Making the Polypeptide. Once an mRNA molecule has bound to the small ribosomal subunit, the other larger ribo- somal subunit binds as well, forming a complete ribosome. The ribosome then begins the process of translation, illustrated in the panels of the Key Biological Process illustration on the next page. Panel 1 shows how the mRNA begins to thread through the ribosome like a string passing through the hole in a doughnut. The mRNA passes through in short spurts, three nucleotides at a time, and at each burst of movement a new three-nucleotide codon on the mRNA is positioned opposite the A site in the ribosome, where a tRNA molecule first binds, as shown in panel 2.
As each new tRNA brings in an amino acid to each new codon presented at the A site, the old tRNA paired with the previous codon is passed over to the P site where peptide bonds form between the incoming amino acid and the growing polypeptide chain. The tRNA in the P site eventually shifts to the E site (the exit site), as shown in panel 3, and the amino acid it carried is attached to the end of a growing amino acid chain. The tRNA is then released (panel 4). So as the ribosome proceeds down the mRNA, one tRNA after another is selected to match the sequence of mRNA codons. In figure 12.7 you can see the ribosome traveling along the length of the mRNA, the tRNAs bringing the amino acids into the ribosome and the growing polypeptide chain extending out from the ribosome. Translation continues until a “stop” codon is encountered, which signals the end of the polypeptide. The ribosome complex falls apart, and the newly made polypeptide is released into the cell.
Figure 12.7. Ribosomes guide the translation process.
tRNA binds to an amino acid as determined by the anticodon sequence. Ribosomes bind the loaded tRNAs to their complementary sequences on the strand of mRNA. tRNA adds its amino acid to the growing polypeptide chain, which is released as the completed protein.

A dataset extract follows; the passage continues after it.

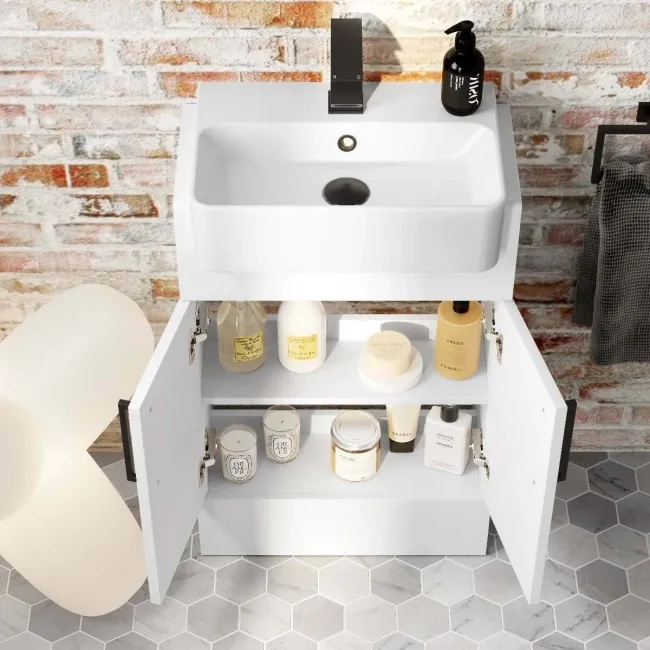 Harper Gloss White Vanity with Semi Recessed Basin 500mm - Black Accents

As explained earlier, the overall flow of genetic information, the so-called “Central Dogma,” is from DNA to mRNA to protein. For example, the polypeptide that is being formed in the Key Biological Process illustration above began with the DNA nucleotide sequence TACGACTTA, which is first transcribed into the mRNA sequence AUGCUGAAU. This sequence is then translated by the tRNAs into a polypeptide composed of the amino acids methionine—leucine—asparagine.
Key Learning Outcome 12.3. The genetic code dictates how a particular nucleotide sequence specifies a particular amino acid sequence. A gene is transcribed into mRNA, which is then translated into a polypeptide. The sequence of mRNA codons dictates the corresponding sequence of amino acids in a growing polypeptide chain.